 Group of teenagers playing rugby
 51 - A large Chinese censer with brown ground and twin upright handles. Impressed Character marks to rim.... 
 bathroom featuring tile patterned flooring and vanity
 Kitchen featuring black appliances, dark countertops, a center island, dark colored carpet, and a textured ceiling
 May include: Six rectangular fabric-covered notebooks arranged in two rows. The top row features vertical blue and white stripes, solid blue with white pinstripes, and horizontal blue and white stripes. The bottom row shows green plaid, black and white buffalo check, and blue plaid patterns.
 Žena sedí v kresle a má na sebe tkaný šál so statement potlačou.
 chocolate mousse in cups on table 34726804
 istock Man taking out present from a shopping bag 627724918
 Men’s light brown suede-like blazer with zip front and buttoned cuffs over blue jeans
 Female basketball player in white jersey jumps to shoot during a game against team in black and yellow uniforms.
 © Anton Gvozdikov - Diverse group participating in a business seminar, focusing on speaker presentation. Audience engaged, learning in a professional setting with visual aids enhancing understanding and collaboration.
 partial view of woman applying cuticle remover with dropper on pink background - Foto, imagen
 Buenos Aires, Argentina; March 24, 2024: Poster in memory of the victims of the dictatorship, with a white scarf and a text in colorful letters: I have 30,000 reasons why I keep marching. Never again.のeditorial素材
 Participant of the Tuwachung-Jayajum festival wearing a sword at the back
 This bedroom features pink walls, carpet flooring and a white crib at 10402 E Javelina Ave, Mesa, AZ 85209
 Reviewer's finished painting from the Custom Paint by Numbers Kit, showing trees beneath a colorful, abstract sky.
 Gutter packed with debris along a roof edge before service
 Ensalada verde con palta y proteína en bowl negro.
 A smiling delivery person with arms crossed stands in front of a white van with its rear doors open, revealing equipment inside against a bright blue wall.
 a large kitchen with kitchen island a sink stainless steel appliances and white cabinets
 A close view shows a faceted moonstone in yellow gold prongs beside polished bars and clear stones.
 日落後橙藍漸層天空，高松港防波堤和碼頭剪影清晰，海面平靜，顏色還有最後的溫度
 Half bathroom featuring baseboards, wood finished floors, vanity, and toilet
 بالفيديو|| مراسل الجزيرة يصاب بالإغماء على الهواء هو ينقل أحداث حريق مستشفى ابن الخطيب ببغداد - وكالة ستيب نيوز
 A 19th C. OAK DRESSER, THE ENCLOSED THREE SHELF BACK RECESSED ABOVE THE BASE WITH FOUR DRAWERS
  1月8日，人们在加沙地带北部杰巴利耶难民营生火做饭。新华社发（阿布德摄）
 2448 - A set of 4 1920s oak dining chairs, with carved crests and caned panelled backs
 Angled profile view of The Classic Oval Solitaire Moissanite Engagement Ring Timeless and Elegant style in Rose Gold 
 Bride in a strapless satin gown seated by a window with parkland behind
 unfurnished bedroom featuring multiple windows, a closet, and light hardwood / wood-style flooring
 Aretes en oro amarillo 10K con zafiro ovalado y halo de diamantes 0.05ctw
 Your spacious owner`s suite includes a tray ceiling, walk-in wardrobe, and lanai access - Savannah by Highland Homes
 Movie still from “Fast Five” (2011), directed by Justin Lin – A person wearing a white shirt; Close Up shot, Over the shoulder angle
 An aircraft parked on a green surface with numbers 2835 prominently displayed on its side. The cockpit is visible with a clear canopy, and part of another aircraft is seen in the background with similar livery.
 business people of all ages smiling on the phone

━━━━━━━━━━━━━━━━━━━━━━━━━━━━━━

For each line of the entries that includes "wood", show that line.

 Half bathroom featuring baseboards, wood finished floors, vanity, and toilet
 unfurnished bedroom featuring multiple windows, a closet, and light hardwood / wood-style flooring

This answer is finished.